Deploying Hybrid Cloud Storage with Swiftstack

By Erik Pounds, Head of Product Marketing, Swiftstack

This article discusses integrating Swiftstack and Google Cloud Platform (GCP) to automatically and continuously synchronize data to GCP based on policies you define.

SwiftStack is a software-defined object storage solution that customers can deploy on-premises behind their firewall, running on standard server hardware.

Core to SwiftStack is the ability to scale a cluster with a single namespace across multiple geographic regions. While this makes excellent use of multiple data centers (if you have them), your workflows may benefit from a hybrid cloud strategy. With Cloud Sync in SwiftStack, data can be synchronized to GCP based on policies you define, and the data lives wherever it is needed by users and applications.
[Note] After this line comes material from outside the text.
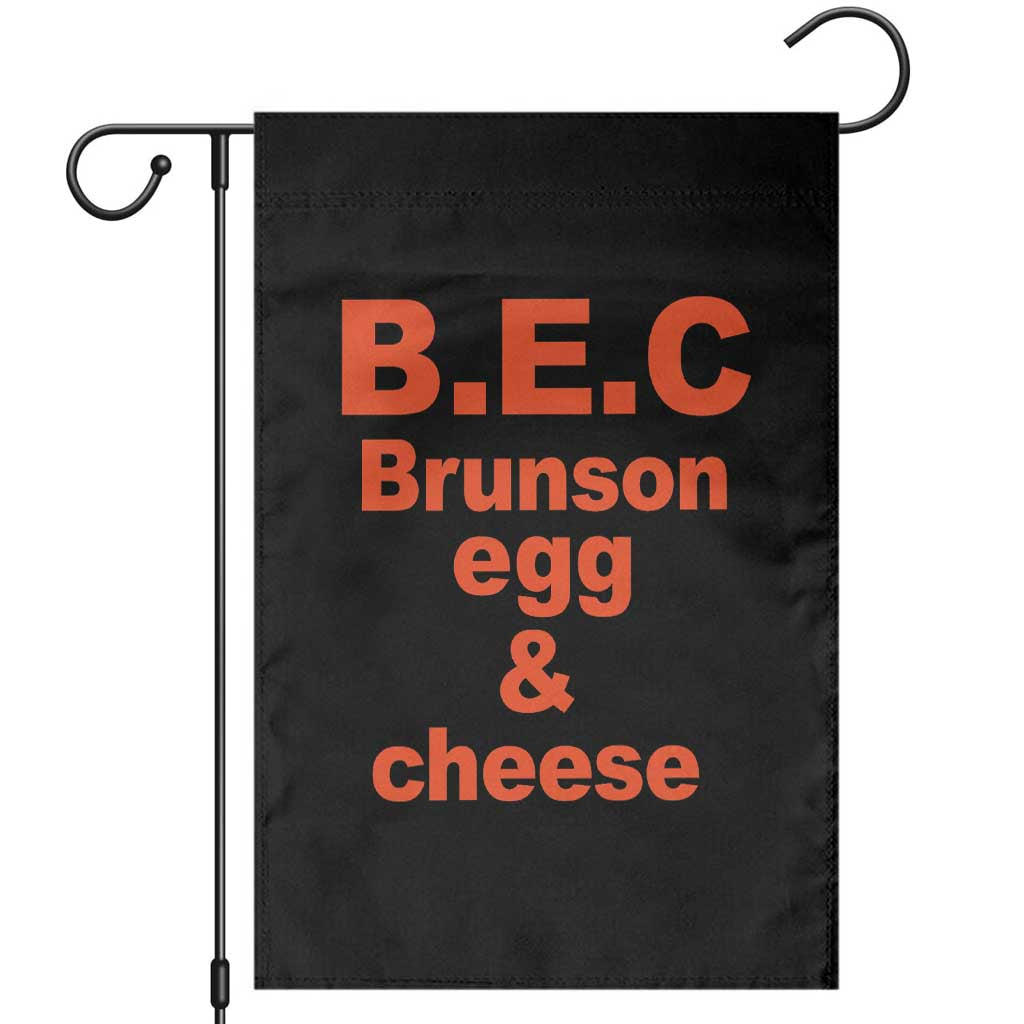 B.E.C. Brunson Egg and Cheese Sandwich Pun Garden Flag Funny New York Bodega Breakfast Basketball Fan TS02 Black Print Your Wear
If you do not have a second site, this helps give you a seamless way to further protect your vital business data. It also allows you to provide access to specific data in a public bucket as an alternative to opening up your private cloud. And it can even assist with cloud bursting and archiving to Google Cloud Storage Coldline.

Highlights of a hybrid cloud strategy

  • Sync data from SwiftStack to Cloud Storage.
  • Policy-driven, where it's a property of the container.
  • Many container-to-bucket sync relationships.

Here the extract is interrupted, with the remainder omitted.